Andrews noted that Zebra has potential military applications as Zebra can bring together structured and unstructured data. For instance, it could compile information from social media and sensor data from aircraft and ground vehicles for front-line decision-makers.
Data science as a profession
What is data science? Well, it’s broader than coding. Andrews explained that coding is a specialised area within broader data science in the same way you could say that machine learning is a small, specialised area of broader artificial intelligence.
But there’s no legal definition of data science, no professional body, nor formal requirements in terms of who can call themselves a data science. This is something that Xaana wants to change.
Andrews has come from working with CPA Australia and is familiar with the process of setting and retaining professional standards. He met founder Saldi after Saldi presented on some popular CPA Australia webinars. Saldi then invited Andrews to work for Xaana and to help professionalise the data science profession.
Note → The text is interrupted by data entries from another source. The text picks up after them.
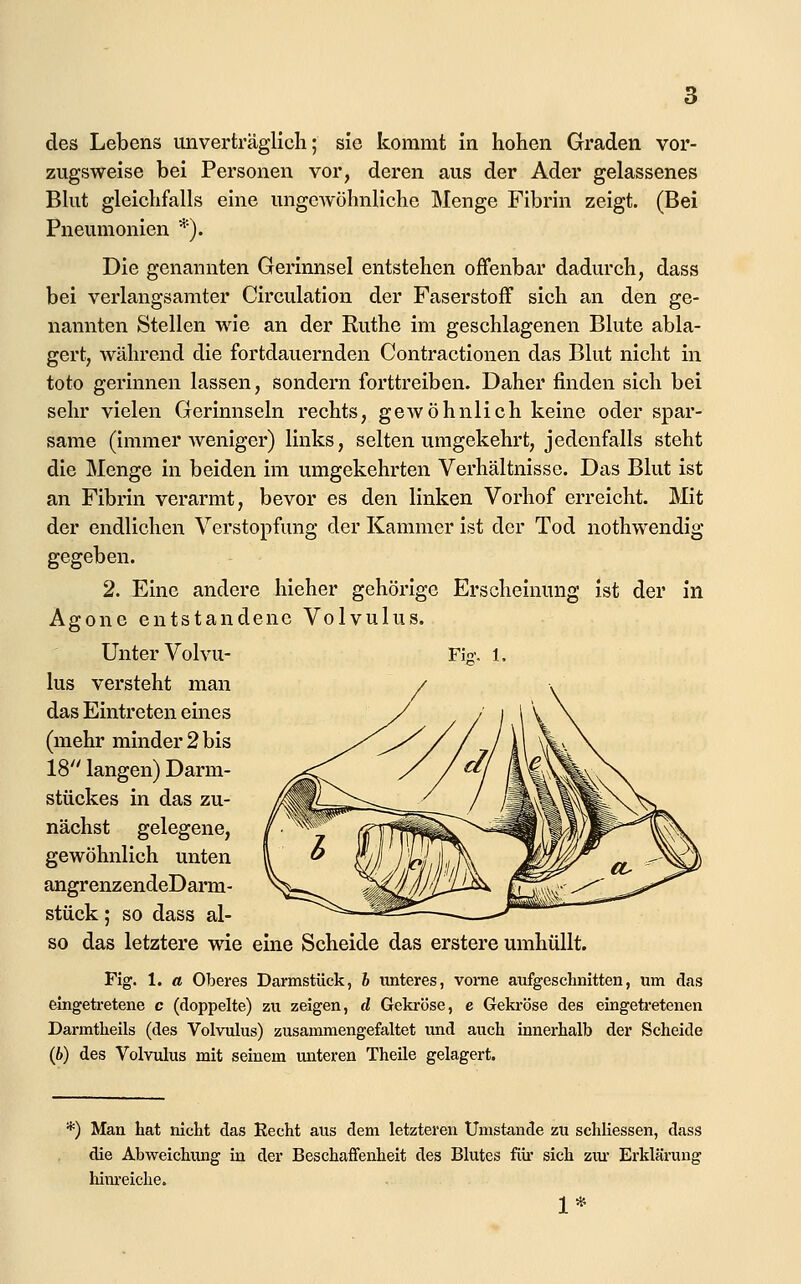 des Lebens imverträglicli; sie kommt In hohen Graden vor- zugsweise bei Personen vor, deren aus der Ader gelassenes Bkit gleichfalls eine ungewöhnliche Menge Fibrin zeigt. (Bei Pneumonien *). Die genannten Gerinnsel entstehen offenbar dadurch, dass bei verlangsamter Circulation der Faserstoff sich an den ge- nannten Stellen wie an der Ruthe im geschlagenen Blute abla- gert, während die fortdauernden Contractionen das Blut nicht in toto gerinnen lassen, sondern forttreiben. Daher finden sich bei sehr vielen Gerinnseln rechts, gewöhnlich keine oder spar- same (immer weniger) links, selten umgekehrt, jedenfalls steht die Menge in beiden im umgekehrten Verhältnisse. Das Blut ist an Fibrin verarmt, bevor es den linken Vorhof erreicht. Mit der endlichen Verstopfung der Kammer ist der Tod nothwendig gegeben. 2. Eine andere hieher gehörige Erscheinung ist der in Agone entstandene Volvulus. Unter Volvu- lus versteht man das Eintreten eines (mehr minder 2 bis 18 langen) Darm- stückes in das zu- nächst gelegene, gewöhnlich unten angrenzendeDarm- stück; so dass al- so das letztere wie eine Scheide das erstere umhüllt. Fig. 1. a Oberes Darmstück, h imteres, vorne aufgeschnitten, um das eingetretene c (doppelte) zu zeigen, d Gekröse, e Geki-öse des eingetretenen Dai-mtheils (des Volvulus) zusammengefaltet und auch innerhalb der Scheide (6) des Volvulus mit seinem unteren Theile gelagert. Fi'. 1, •=) Man hat nicht das Recht aus dem letzteren Umstände zu schKessen, dass die Abweichimg in der Beschaifenheit des Blutes für sich zur Erklärung him'eiche. 1*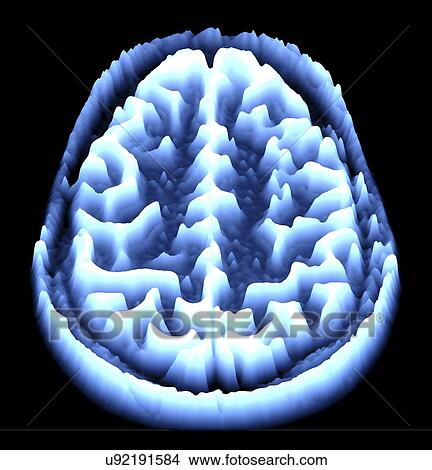 Brain scan, MRI scan, heightmap View Large Illustration Stock Illustration - Brain scan, MRI scan, heightmap. Fotosearch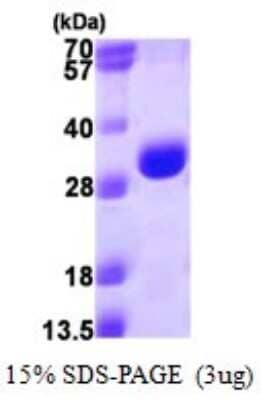 SDS-PAGE: Recombinant Human Proteasome 20S alpha 3 His Protein [NBP1-72526]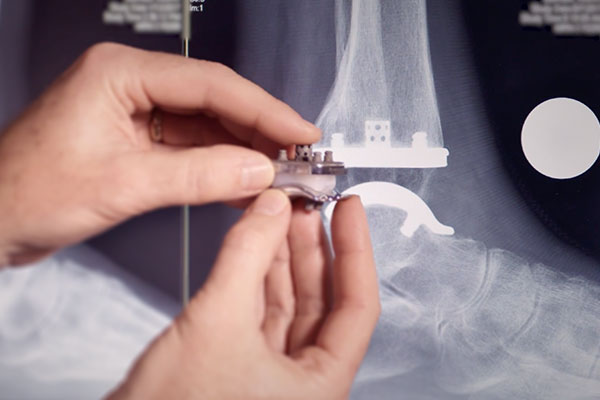 ankle replacement surgery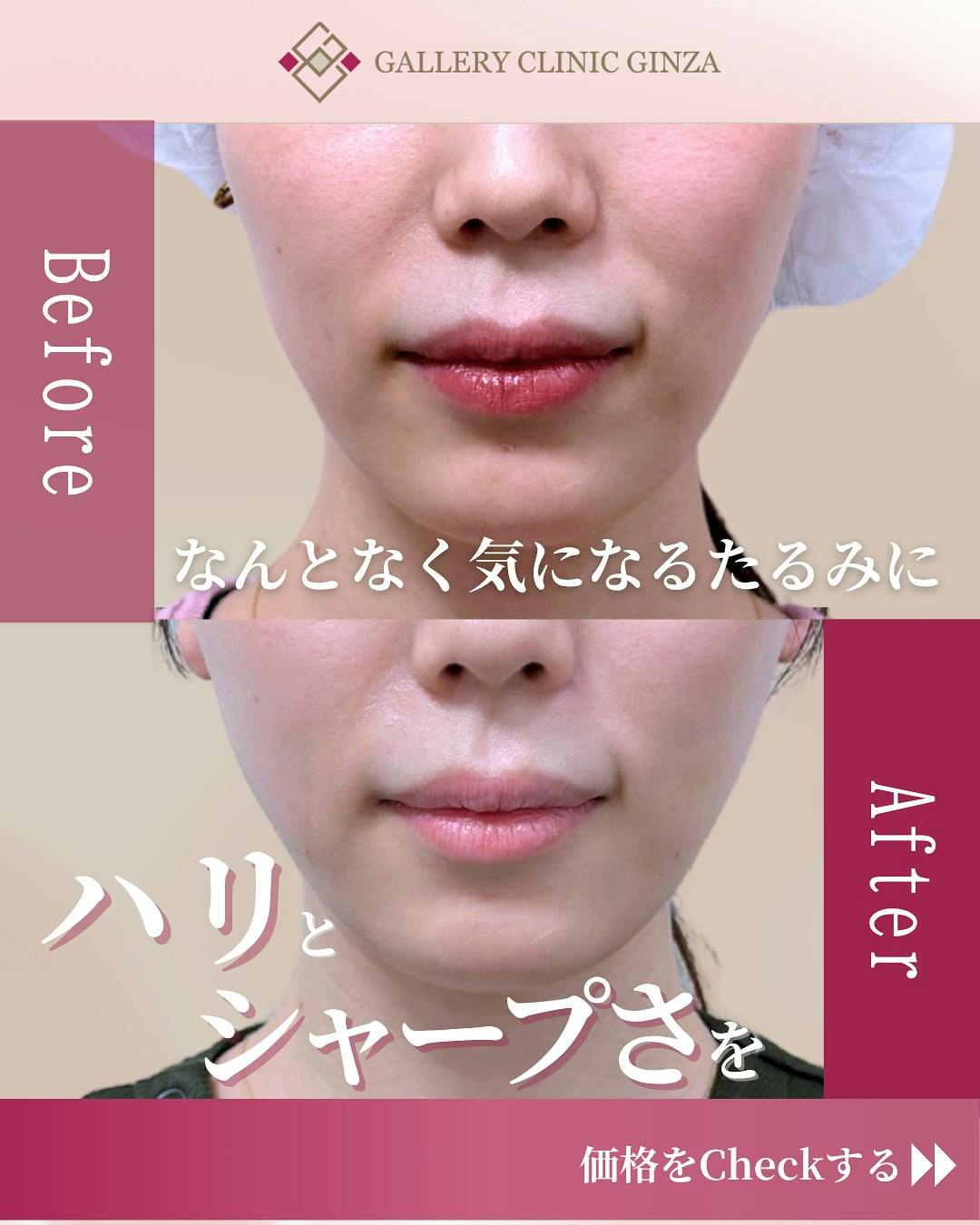 【女性・たるみ】アルテミスリフト_before_aftar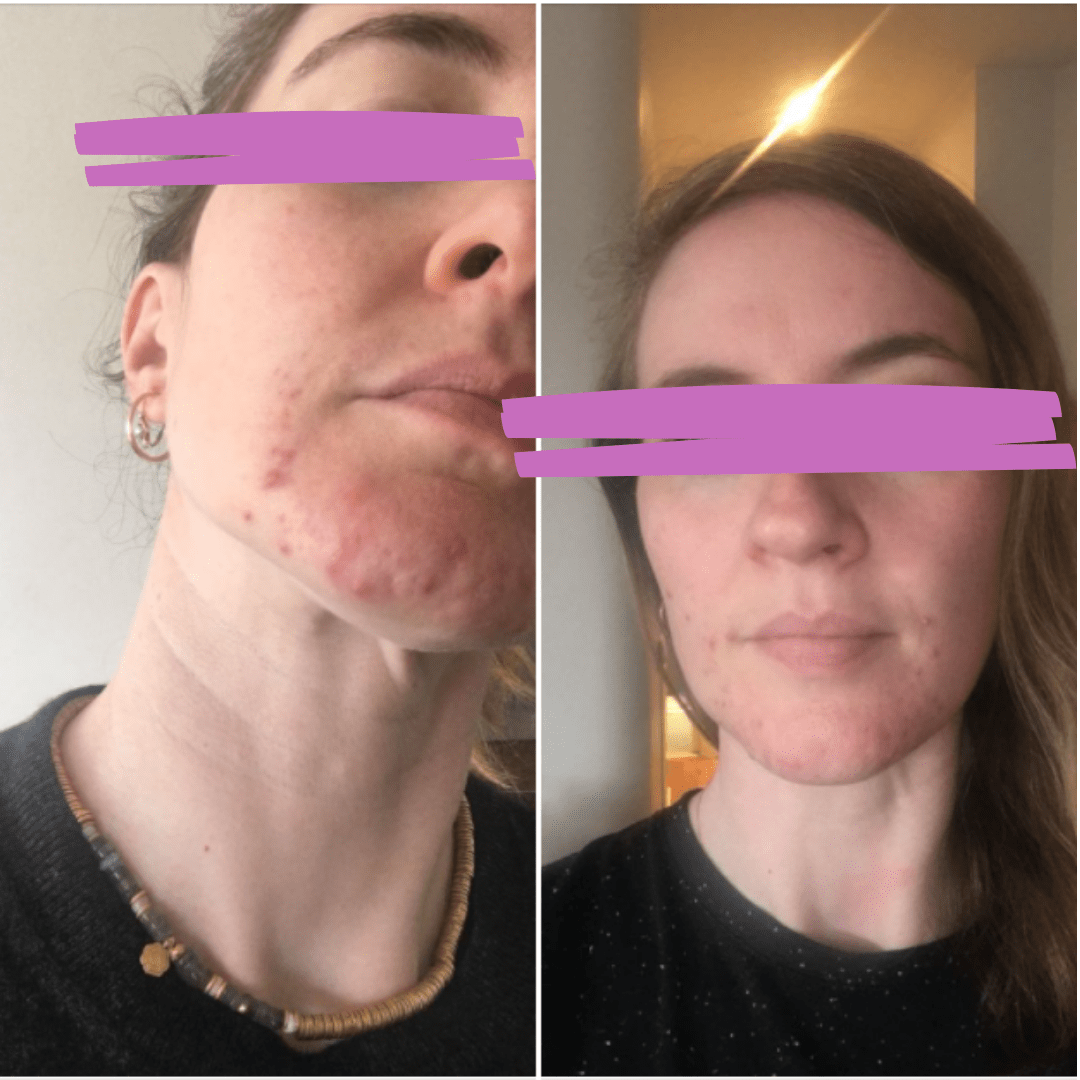 avant-apres4 Avant après méthode Happyderme acné femme naturopathie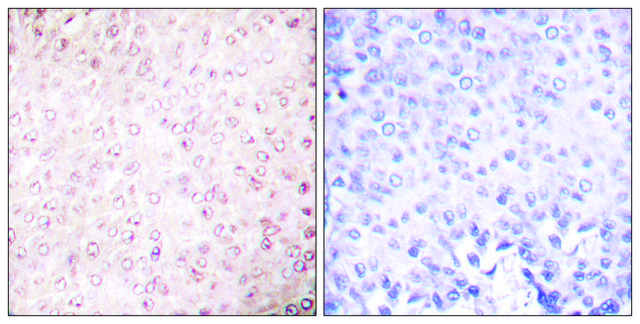 Anti-p300 antibody produced in rabbit affinity isolated antibody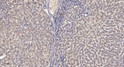 Immunohistochemical analysis of paraffin-embedded human liver cancer. 1, Antibody was diluted at 1:200 (4° overnight). STJ96572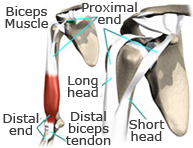 Rotura de bíceps braquial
‘We want to set up a professional body that mimics what you’d get with say a CPA for data science, where you have an entry requirement, a work experience requirement and an education requirement before you will say you are a professional,’ said Andrews.
Xaana is in discussions with Australian universities to deliver the program's academic component and with industry and software companies about the work experience component. As data science is a rapidly evolving sector, a continued professional development requirement will be key. ‘The amount of change that we’re seeing in even 12 or 24 months is phenomenal,’ said Andrews.